Here's something to keep you going. Don't worry too much - the oil company is paying for it! Buy something nice but don't spend too much of it - you could be very glad of it over the next few months.

Good luck with school. Keep working. Hopefully when I see you next the farm will be starting to produce some food!

If you ever need me, I'll be here.
Lots of love

Uncle Andy'

It took a little bit of willpower but I only ended up spending ten pounds of it. With Mum and Greg both working from home the computer's been in use most of the time so the time to post these messages has been few and far between. I decided I'd go and get something to write in during the day that I could then copy up. I came up with this:

moleskine

It's a leather bound, acid-free paper Moleskin, like the one Hemingway used to use! It opens up to have a surprising number of pages, which I've been writing my journal entries in when we've run out of power rations!

moleskine open

Later in the week, I got to finally meet [info]lucy1965! she sent a message saying she'd landed in Cardiff and we arranged somewhere to meet for lunch. I knew mum wouldn't understand, so I slipped out and told her I was going to Lindsey's.

I wandered down to the juice bar on Cotham Hill, which despite being a tiny place was still going strong through the crisis. All that local organic produce is good for business.

"Mia!" A lady with greying brown hair worn up in hairsticks came over to me as soon as I entered. She smiled and her face dimpled. She hugged me with a warmth that seemed like I'd known her forever.
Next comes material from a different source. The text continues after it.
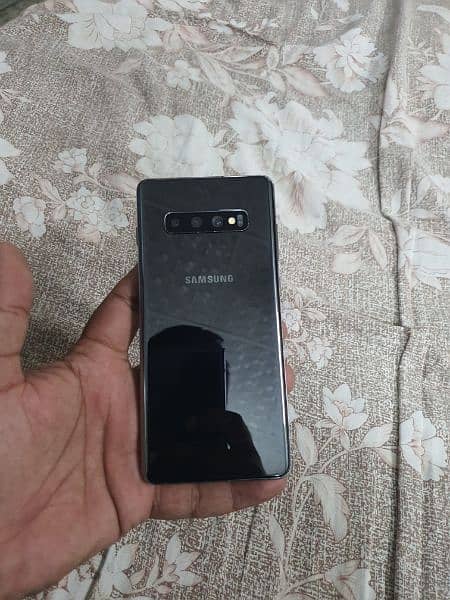 s10+  dual sim 512gb non pta read ad carefully 7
"Hi!" she said, after we'd ordered and sat to wait for our drinks. "The train was a nightmare, it's nice to sit down. So how are you? Did your dad wind up in New Zealand?"

"He left last week," I said. "He rang to say he'd got there ok - obviously whatever strings Emma - that's his new wife - pulled, they worked, they're into the country. I'm just glad I'm not there. I couldn't leave Bristol."

Our drinks arrived - A pot of tea between us and two rich juices, mostly of locally harvested berries. Lucy sipped at hers and her eyes sparkled.

"Mmm!" She said. "Someone's doing something right around here! How do you think things are going in Bristol? I know what the papers say; I want to hear what you think."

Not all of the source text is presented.